• [Records shown]:
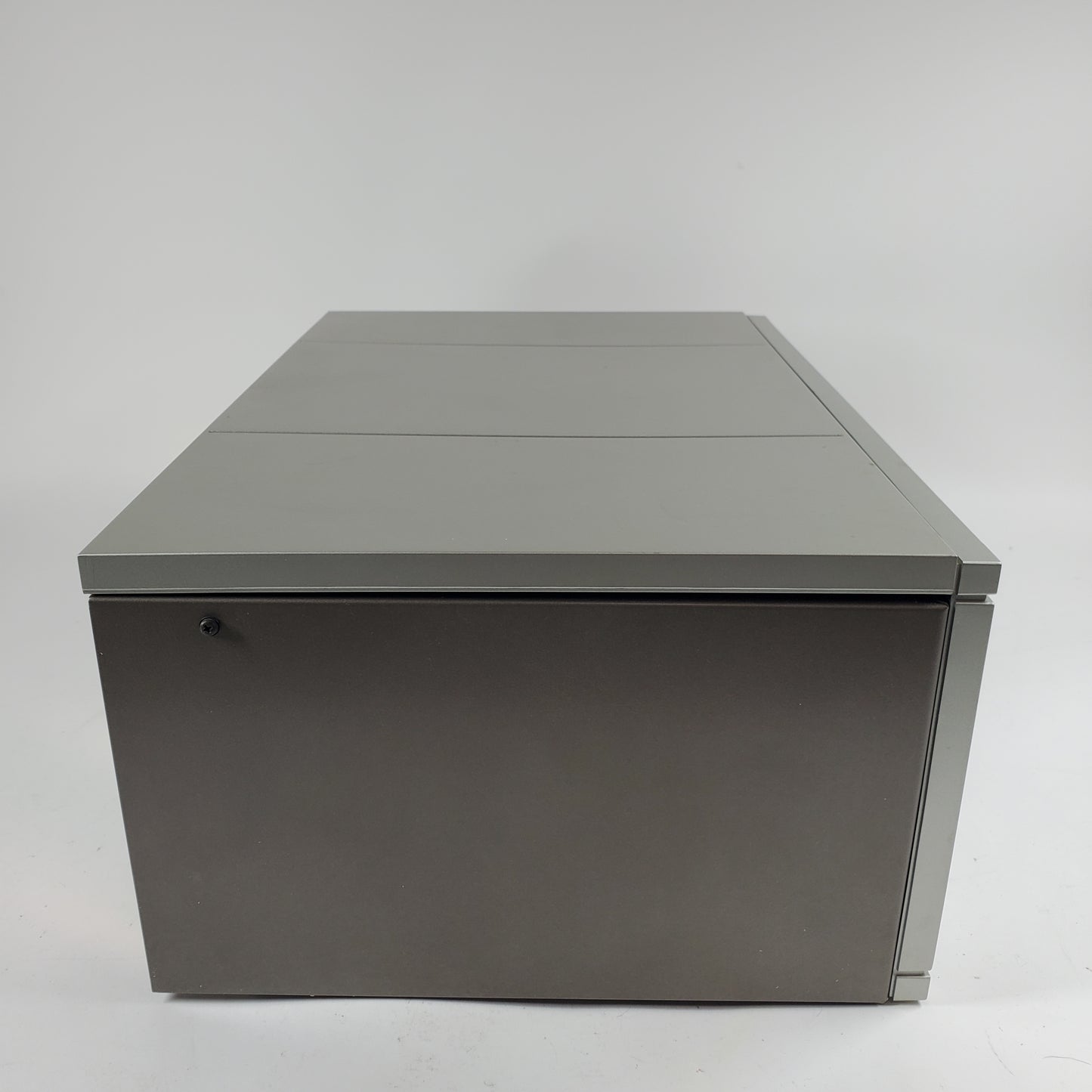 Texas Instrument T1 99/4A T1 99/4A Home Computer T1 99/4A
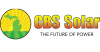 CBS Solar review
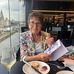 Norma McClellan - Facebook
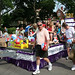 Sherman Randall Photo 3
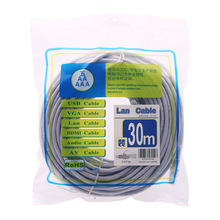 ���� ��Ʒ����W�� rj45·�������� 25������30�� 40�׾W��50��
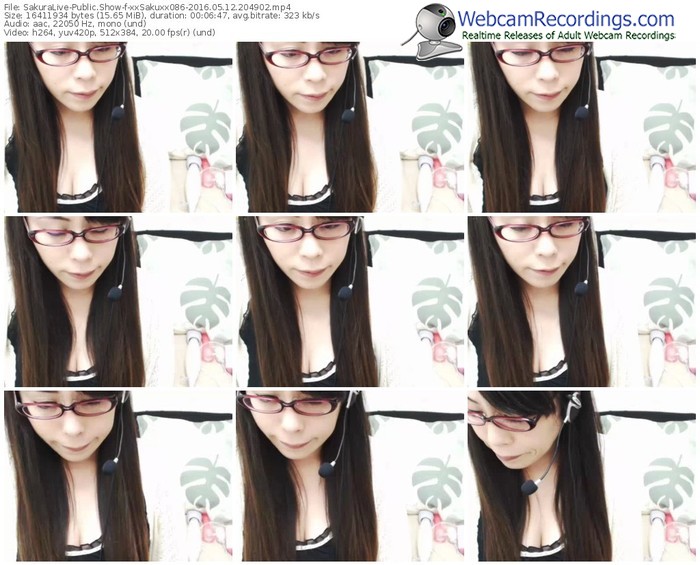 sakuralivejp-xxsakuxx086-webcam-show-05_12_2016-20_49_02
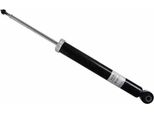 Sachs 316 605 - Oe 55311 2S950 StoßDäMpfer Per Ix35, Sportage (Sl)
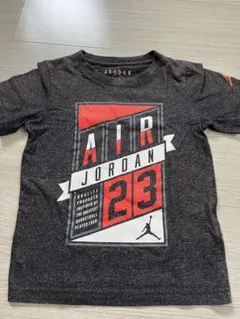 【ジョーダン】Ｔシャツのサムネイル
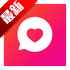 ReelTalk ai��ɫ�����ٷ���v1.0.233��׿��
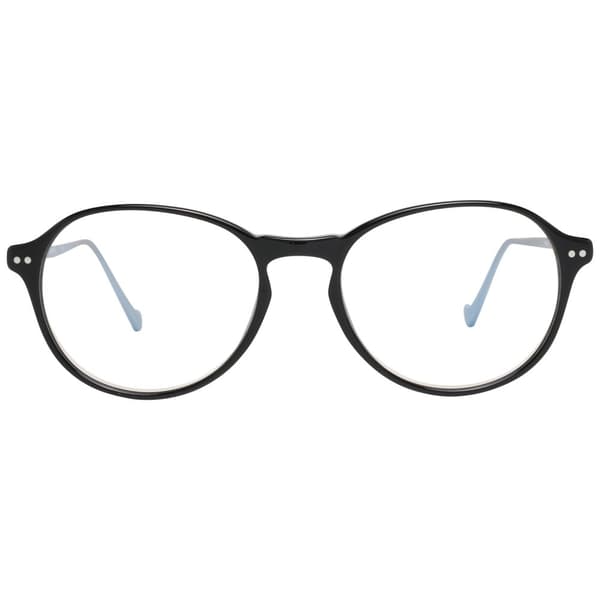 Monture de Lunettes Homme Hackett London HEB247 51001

• [Goal of the exercise]: All the records need to be printed again exactly as written, though without their pictures.

• [Answer space]:
 Texas Instrument T1 99/4A T1 99/4A Home Computer T1 99/4A
 CBS Solar review
 Norma McClellan - Facebook
 Sherman Randall Photo 3
 ���� ��Ʒ����W�� rj45·�������� 25������30�� 40�׾W��50��
 sakuralivejp-xxsakuxx086-webcam-show-05_12_2016-20_49_02
 Sachs 316 605 - Oe 55311 2S950 StoßDäMpfer Per Ix35, Sportage (Sl)
 【ジョーダン】Ｔシャツのサムネイル
 ReelTalk ai��ɫ�����ٷ���v1.0.233��׿��
 Monture de Lunettes Homme Hackett London HEB247 51001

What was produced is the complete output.